Former Kilkenny Pub reopens, serving beer, wine
Jason Parker is not the least bit superstitious.
The 27-year-old Keene resident opened his tavern, The Olde Kilkenny Pub, on Friday, Aug. 13, and he’s been lucky so far.
“We’ve been getting busier and busier every day we’ve been open,” he said.
People tell him they are happy to see the Milford building at 30 Middle St. in business again, Parker said. It was the Kilkenny Pub for many years until it closed its doors in 2008.
“Random people were hugging me on Friday night,” Parker said. “People here are great – very gracious, very giving. They ask me if I need help, and they clean up after themselves.”
The tavern serves only beer and wine and has a limited menu of bar snacks.

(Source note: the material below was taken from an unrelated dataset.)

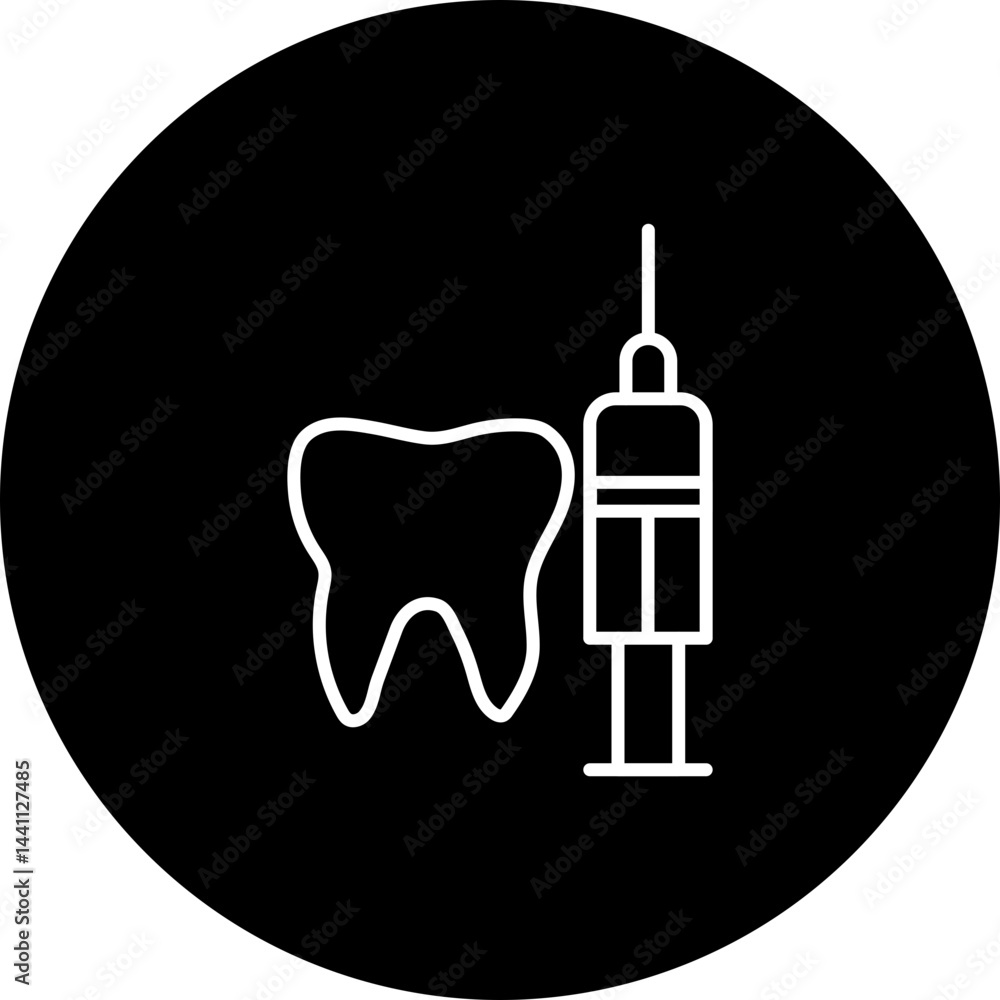 Obraz premium Anesthesia Vector Black Circle Icon Design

It also has three pool tables.
“A typical old pub,” Parker calls it.
Parker had been working in the service department of an auto dealership before he and his business partner, Anthony Scozzari, bought the business.
According to the town history, the building, on the corner of Middle and Putnam streets, had originally been a barn owned by James Shanahan, one of the first Irish settlers in Milford. He came here in 1855 and owned a lot of property, moving many buildings from lot to lot.

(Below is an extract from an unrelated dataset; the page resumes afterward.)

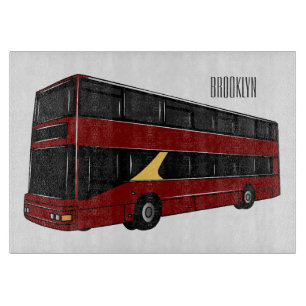 Tabla De Cortar Ilustracion personalizado de bus de dos pisos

The Kilkenny building was moved to the corner strip of land in 1869. It became a blacksmith shop in 1873 and remained one until 1912, when May Burnham Richardson Tracy bought it, covered it with metal sheeting and named it the Star Theater.
Here she showed movies, and for awhile vaudeville acts and “rather crude comedians,” Winifred Wright wrote in The Granite Town.
“The town made her Milford’s first policewoman so she could quell disturbances, or if need be, throw the guilty party out,” Wright wrote.